Atiéndase, por el momento, solo a unos pocos datos. Por ejemplo, al de que su patrón único y exclusivo de
referencia es el individuo. Incluso cuando se refiere a personas cuyos
países se ven sometidos a relaciones de colonialismo o dependencia, situaciones
que, amparadas precisamente por las potencias redactoras del texto en ese año
de 1948, parecen desvincularse –a la luz de su lectura- del mantenimiento de la
dignidad de las mismas.
Los amantes, por René Magritte (1928). |
Otro aspecto no menos llamativo es el del carácter «mínimo» de los derechos recogidos
en la actual Declaración. No se contempla, así, por ejemplo, el derecho de
toda persona humana a su plena autorrealización; a la búsqueda, desarrollo y realización de su vocación. Aunque sin
ella la vida humana pueda considerarse, en buena medida, truncada, pues no es
otra cosa que el desarrollo de nuestras potencialidades lo que nos hace de
verdad poder ser nosotros mismos.
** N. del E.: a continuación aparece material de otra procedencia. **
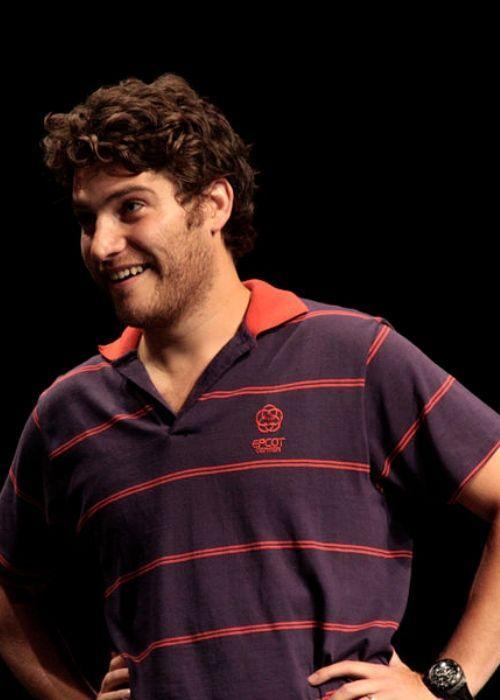 Adam Pally Photo #1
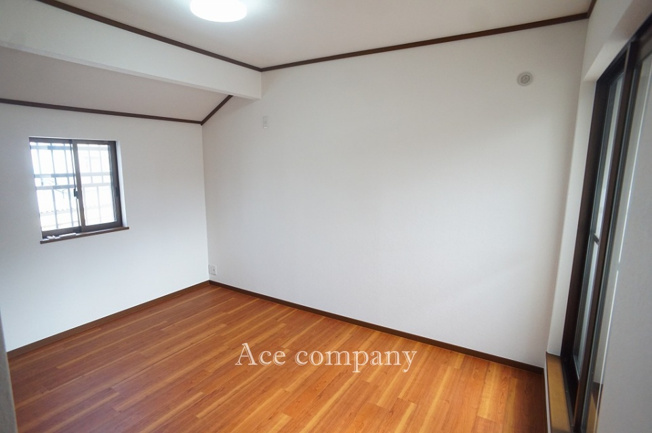 【子供部屋】 | 東大阪市新家西町 | 【2階：洋室6.5帖】バルコニーに面したお部屋です☆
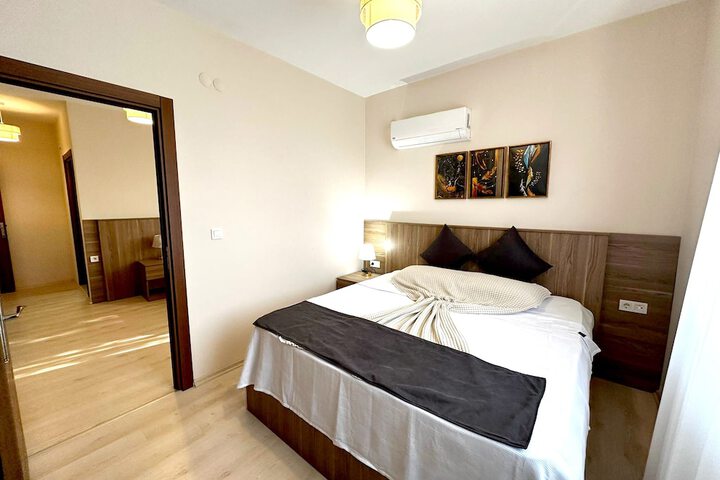 Room 13 of 27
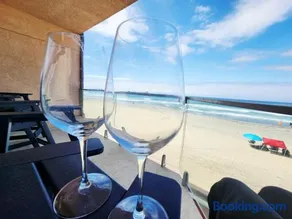 Modern Coastal Escape Breathtaking Ocean - Image 2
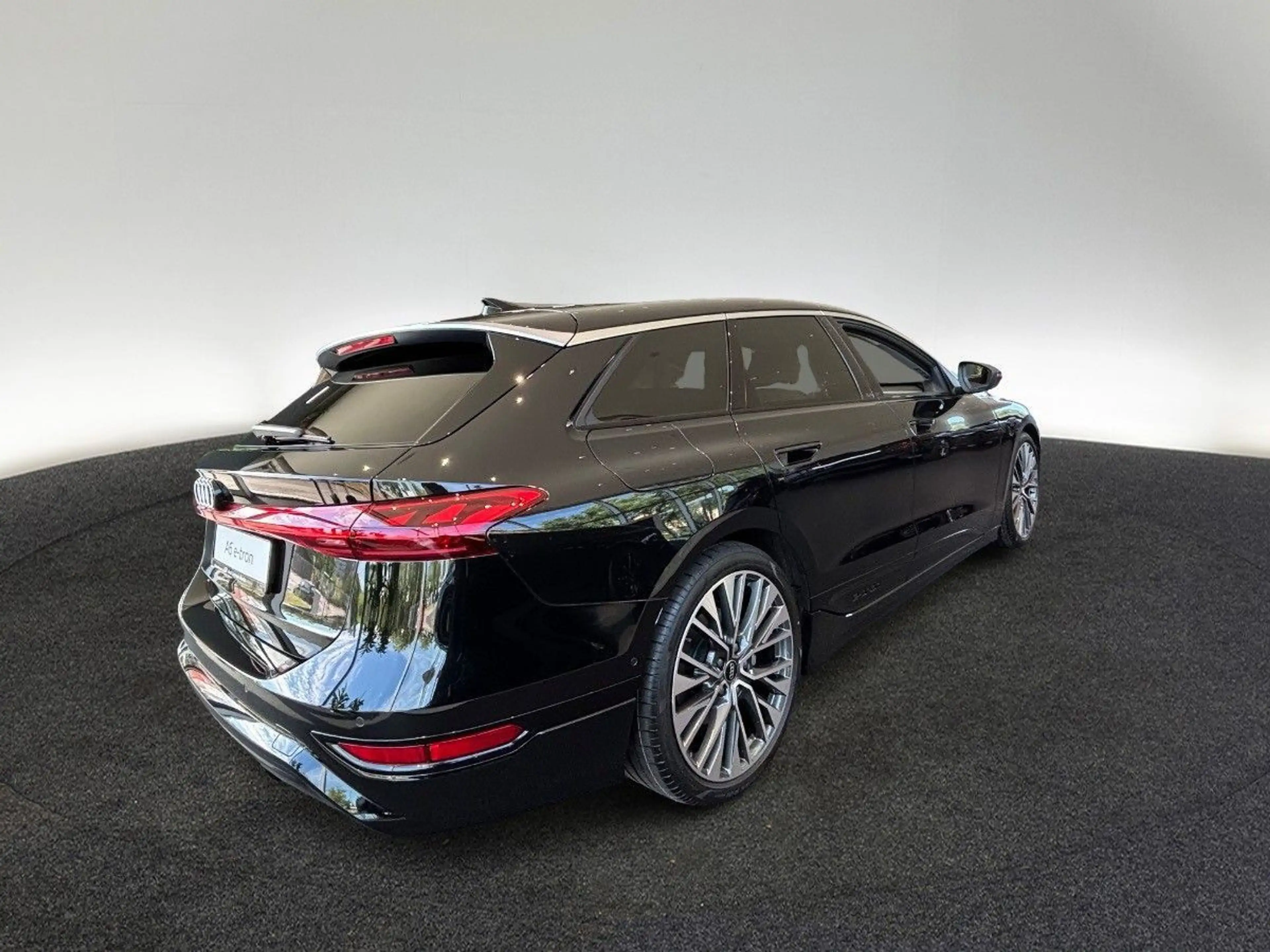 Audi A6 e-tron . — photo 10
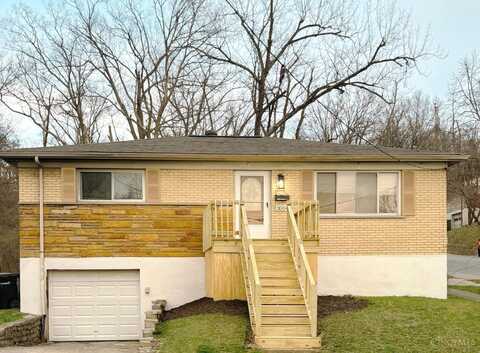 3004 Aquadale Lane, Cincinnati, OH 45211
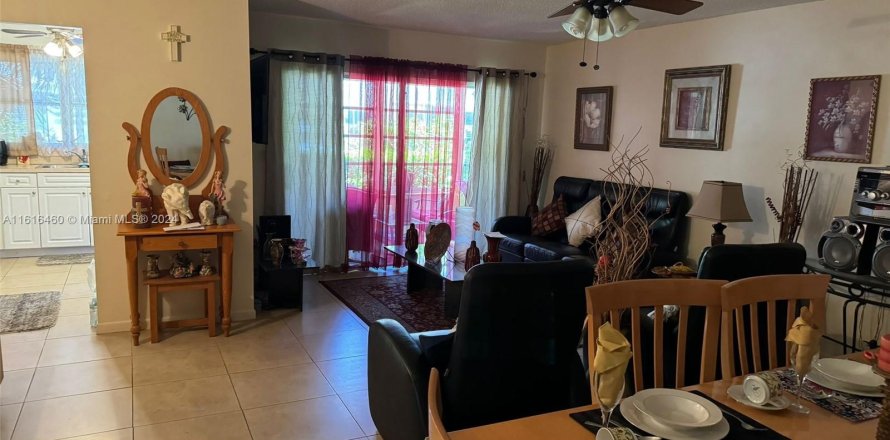 Condo in Lauderhill, Florida, 2 bedrooms  № 1281820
La
consideración del trabajo únicamente como medio
para ganarse la vida (haciendo abstracción, pues, de la pertinencia o
necesidad social real que ostente, del destino de sus frutos, de sus
posibilidades de destrucción de vida –humana o natural- futuras, o del posible carácter
alienante del mismo -ignorando en consecuencia, por tanto, sus radicales
potencialidades humanizadoras), es una consecuencia de lo anterior. Una
formulación, se dirá, que pretende ser, pues, «realista». ¿Pero no es
justamente la extirpación del sentido de utopía uno de los rasgos desrealizadores
del hombre sin identidad contemporáneo, del hombre sin rostro «que espera a
Godot»?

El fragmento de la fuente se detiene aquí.